Early delivery of palliative care reduces unnecessary hospital admissions and the use of health services.
Palliative care is required for a wide range of diseases. The majority of adults in need of palliative care have chronic diseases such as cardiovascular diseases (38.5%), cancer (34%), chronic respiratory diseases (10.3%), AIDS (5.7%), and diabetes (4.6%). Many other conditions may require palliative care & hospice care, including treatment for kidney failure, chronic liver disease, multiple sclerosis, Parkinson’s disease, rheumatoid arthritis, neurological disease, dementia, congenital anomalies, and drug-resistant tuberculosis.
Pain and difficulty in breathing are two of the most frequent and serious symptoms experienced by patients in need of palliative care. For example, 80% of patients with AIDS or cancer, and 67% of patients with cardiovascular disease or chronic obstructive pulmonary disease will experience moderate to severe pain at the end of their lives.
The Singapore Hospice Council seeks to improve public understanding of palliative care in Singapore. Its vision of quality palliative care brings comfort and healing through:
Pain & symptom control
Financial counselling
Emotional support
Grief and bereavement care
Counselling
Caregiver training for loved one
Facilitating conversations to achieve patient care goals
Guidance for family complex decision making & planning
A multidisciplinary healthcare team, consisting of doctors, nurses, social workers, therapists, counsellors, and trained volunteers, will deliver the services.

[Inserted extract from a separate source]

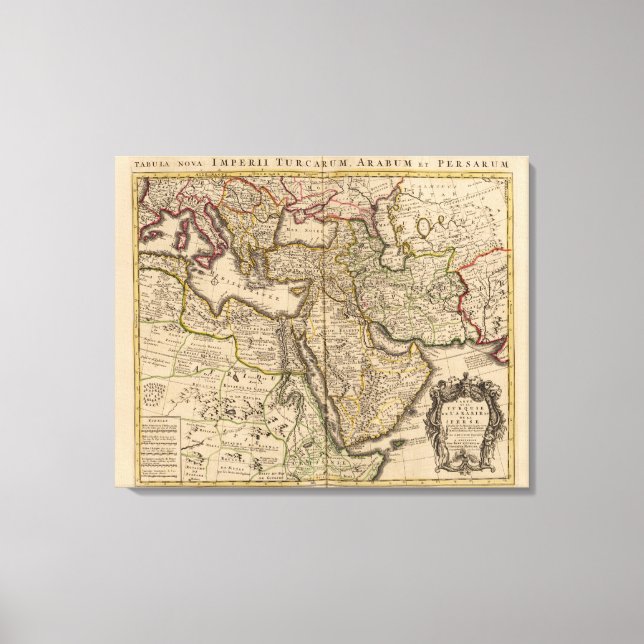 Mediterranean Region Canvas Print (Front)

According to the Singapore Hospice Council, palliative care services may be provided in own homes, in nursing homes, hospices, specialist clinics, general and community hospitals, catering to every patient’s needs. Services provided include home palliative care services, day care, inpatient hospice care and consultative services.
Death remains a taboo topic for the patient and loved one. The Singapore Hospice Council hopes to change the way society views death and dying through its campaign of Live Well Leave Well.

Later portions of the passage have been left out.